QUESTION: Well, what are you waiting – what are you waiting to play out? …
MR. KELLY: I’m not quite sure I understand what you mean by what are we waiting for.
QUESTION: Well, you say you’re waiting for it to play out. I mean, I’m just unclear what specifically you’re waiting for?….
QUESTION: What is it that hasn’t played out?
MR. KELLY: I think that there are – that the Iranian Government still has to take some action…
QUESTION: Well, I know, but –
MR. KELLY: In addition, we don’t see that they’ve addressed the concerns of the international community about their nuclear program. So we’re still waiting for some actions.
QUESTION: Well, but – I know. I mean, you could wait indefinitely for some actions, but just kind of –
MR. KELLY: Well, maybe we – I hope we don’t.
QUESTION: But – okay, but, I mean, at what point do you say there will be consequences if you don’t see some actions? …
MR. KELLY: Well, you know what the Secretary said yesterday. I mean, we’re going to – we are going to make decisions and base our actions on the national interests of the United States. We have…concerns …about Iran’s nuclear program, and we’re going to just continue to raise these concerns until we see that action is taken.
QUESTION: Well, …don’t you think that’s inconsistent with “we’re going to do what’s in the best interests of our national security interests regardless?”
MR. KELLY: I just – you’re asking us to take actions. I don’t think –
QUESTION: …I’m asking if you’re going to recognize President Ahmadinejad as the legitimate government that you will be – that you say you want to deal with in – on your other national security interests.
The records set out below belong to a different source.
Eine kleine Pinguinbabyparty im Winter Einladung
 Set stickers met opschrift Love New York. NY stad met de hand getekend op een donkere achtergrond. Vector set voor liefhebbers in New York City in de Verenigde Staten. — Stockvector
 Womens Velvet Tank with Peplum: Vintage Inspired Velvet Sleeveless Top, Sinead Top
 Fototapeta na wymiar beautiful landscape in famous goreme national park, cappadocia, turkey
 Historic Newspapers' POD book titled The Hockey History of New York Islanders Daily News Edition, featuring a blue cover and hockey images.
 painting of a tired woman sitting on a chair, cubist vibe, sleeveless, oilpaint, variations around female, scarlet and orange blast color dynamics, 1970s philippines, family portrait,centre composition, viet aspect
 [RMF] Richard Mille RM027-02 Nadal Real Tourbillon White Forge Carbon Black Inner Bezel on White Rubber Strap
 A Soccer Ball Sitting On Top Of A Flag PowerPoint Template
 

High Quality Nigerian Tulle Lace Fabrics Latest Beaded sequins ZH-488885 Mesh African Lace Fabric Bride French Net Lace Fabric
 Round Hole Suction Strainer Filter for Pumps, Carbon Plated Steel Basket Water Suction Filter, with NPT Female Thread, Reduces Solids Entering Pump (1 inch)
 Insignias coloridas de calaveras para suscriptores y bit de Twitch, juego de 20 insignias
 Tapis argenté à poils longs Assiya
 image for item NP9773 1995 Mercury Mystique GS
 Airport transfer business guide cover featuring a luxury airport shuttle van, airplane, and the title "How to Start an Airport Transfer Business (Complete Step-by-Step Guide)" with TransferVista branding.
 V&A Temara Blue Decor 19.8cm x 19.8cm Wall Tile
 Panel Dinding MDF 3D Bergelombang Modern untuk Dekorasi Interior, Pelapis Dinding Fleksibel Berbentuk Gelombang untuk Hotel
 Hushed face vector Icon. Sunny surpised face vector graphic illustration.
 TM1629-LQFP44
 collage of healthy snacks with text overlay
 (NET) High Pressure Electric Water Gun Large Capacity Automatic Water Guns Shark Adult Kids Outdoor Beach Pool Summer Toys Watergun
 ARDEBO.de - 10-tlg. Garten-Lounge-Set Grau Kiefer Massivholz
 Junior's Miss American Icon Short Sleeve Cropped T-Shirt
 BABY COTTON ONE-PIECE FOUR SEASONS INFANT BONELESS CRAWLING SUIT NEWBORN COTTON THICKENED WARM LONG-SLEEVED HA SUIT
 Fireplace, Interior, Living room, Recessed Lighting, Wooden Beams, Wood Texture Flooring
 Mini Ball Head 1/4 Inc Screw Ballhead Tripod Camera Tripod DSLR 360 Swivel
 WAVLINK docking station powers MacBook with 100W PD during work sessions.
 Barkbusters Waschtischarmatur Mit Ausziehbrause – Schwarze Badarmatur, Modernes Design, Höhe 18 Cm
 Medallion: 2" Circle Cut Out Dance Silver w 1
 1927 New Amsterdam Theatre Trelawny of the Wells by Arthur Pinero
MR. KELLY: …[L]egitimacy of any government derives from the consent of the governed. I think that we’ve always had concerns about the political process in Iran…We will make decisions on that based on our dealings with Iran, based on our national interests. We think, right now, that this internal situation needs to play out.
QUESTION: Sorry, can I follow up? But it has played out. The Guardian Council has said –
MR. KELLY: I don’t think it’s played out.
QUESTION: — Ahmadinejad has – so what are you waiting for? You’re waiting for him to be sworn in?
MR. KELLY: Okay. I’ll say it again. We’re waiting for Iran to take some action.
QUESTION: What kind of action?
MR. KELLY: Well, they need to address the concerns of the international community.
QUESTION: But that’s separate from the election.
MR. KELLY: I know it’s separate from the election. We –
QUESTION: So at what point do you decide that you’re going to deal with Mahmoud Ahmadinejad?
MR. KELLY: Well, we haven’t reached that point yet. We will reach that point when – I mean, we’ve laid out exactly what we think needs to happen in the P-5+1. Javier Solana has invited Iran to participate. We have said that we will participate…
QUESTION: It’s a bit confusing. You are saying that you are going to recognize Ahmadinejad when they decide –
MR. KELLY: Did I say that?
QUESTION: — when they decide they will attend this P-5+1 meeting. I don’t see the relationship.
MR. KELLY: Look…the situation is still evolving in Iran…When and if the Iranians respond to the concerns of the international community and decide to abide by their responsibilities under their agreements –
QUESTION: Then –
MR. KELLY: — we will make our decisions based on our national interests.
It reads like an Onion parody, but no. This is actual national policy, as established by people who think they’re better able than we are to run our lives. We need their help, they insist, and yet they’ll let a tyrant like Ahmadinejad stomp his own people into bloody mud.